- What this task involves
Print word for word the first line of the listing below and every line after it, through the line with "It's nicely packaged". Leave out the pictures and the rest.

- Data segment
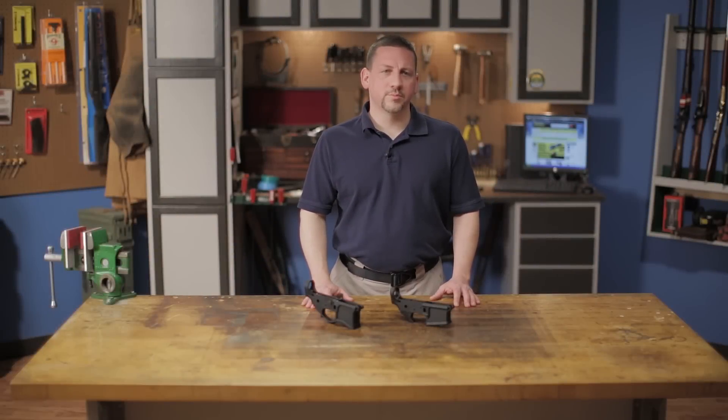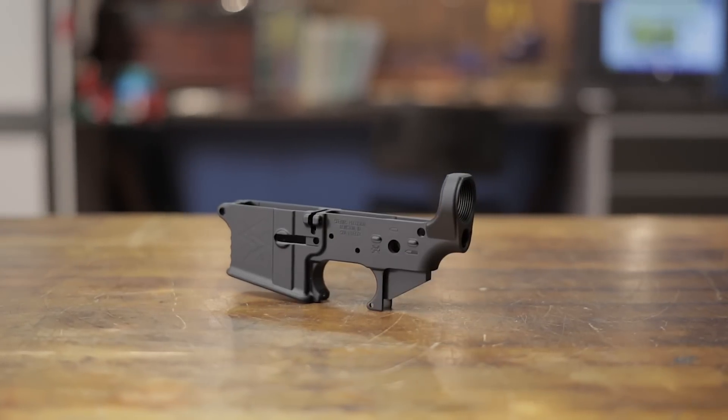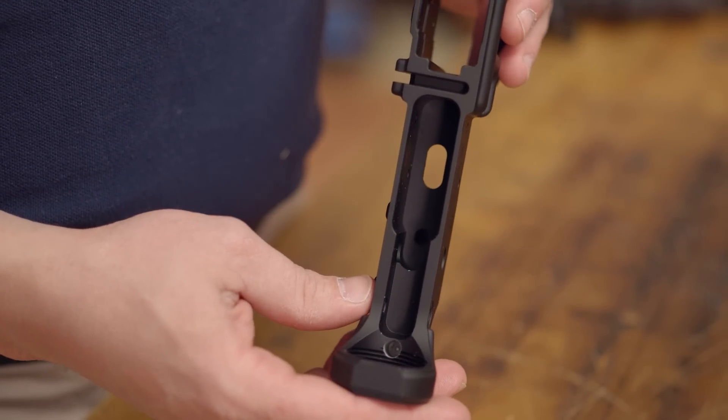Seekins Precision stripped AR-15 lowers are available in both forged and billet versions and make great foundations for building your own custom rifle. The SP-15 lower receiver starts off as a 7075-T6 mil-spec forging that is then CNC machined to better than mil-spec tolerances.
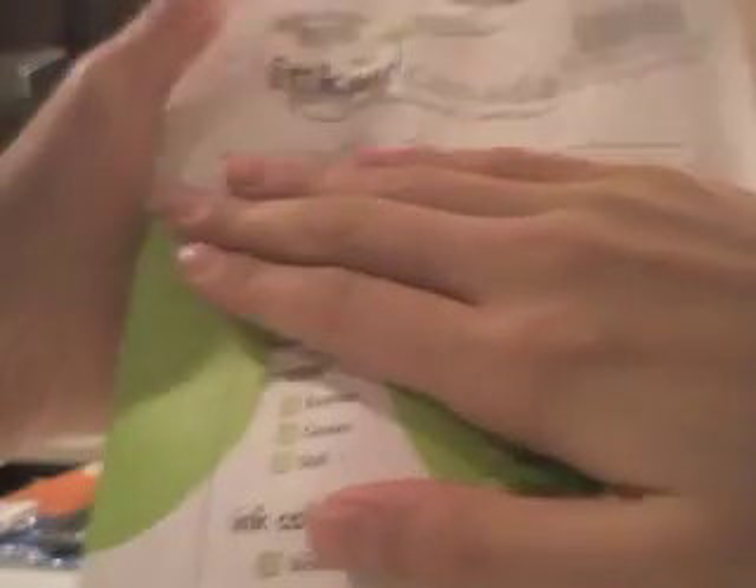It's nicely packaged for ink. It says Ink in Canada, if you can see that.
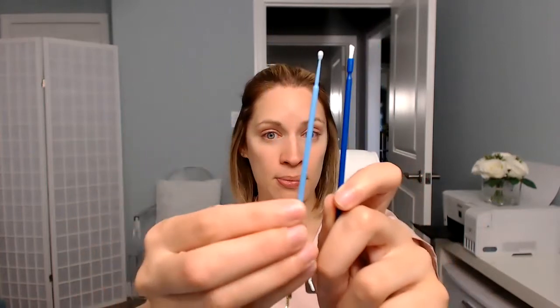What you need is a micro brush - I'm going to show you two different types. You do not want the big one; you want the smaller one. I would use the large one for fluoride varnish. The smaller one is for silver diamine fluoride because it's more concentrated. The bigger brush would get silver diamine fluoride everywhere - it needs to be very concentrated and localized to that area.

- Answer box
Seekins Precision stripped AR-15 lowers are available in both forged and billet versions and make great foundations for building your own custom rifle. The SP-15 lower receiver starts off as a 7075-T6 mil-spec forging that is then CNC machined to better than mil-spec tolerances.
It's nicely packaged for ink. It says Ink in Canada, if you can see that.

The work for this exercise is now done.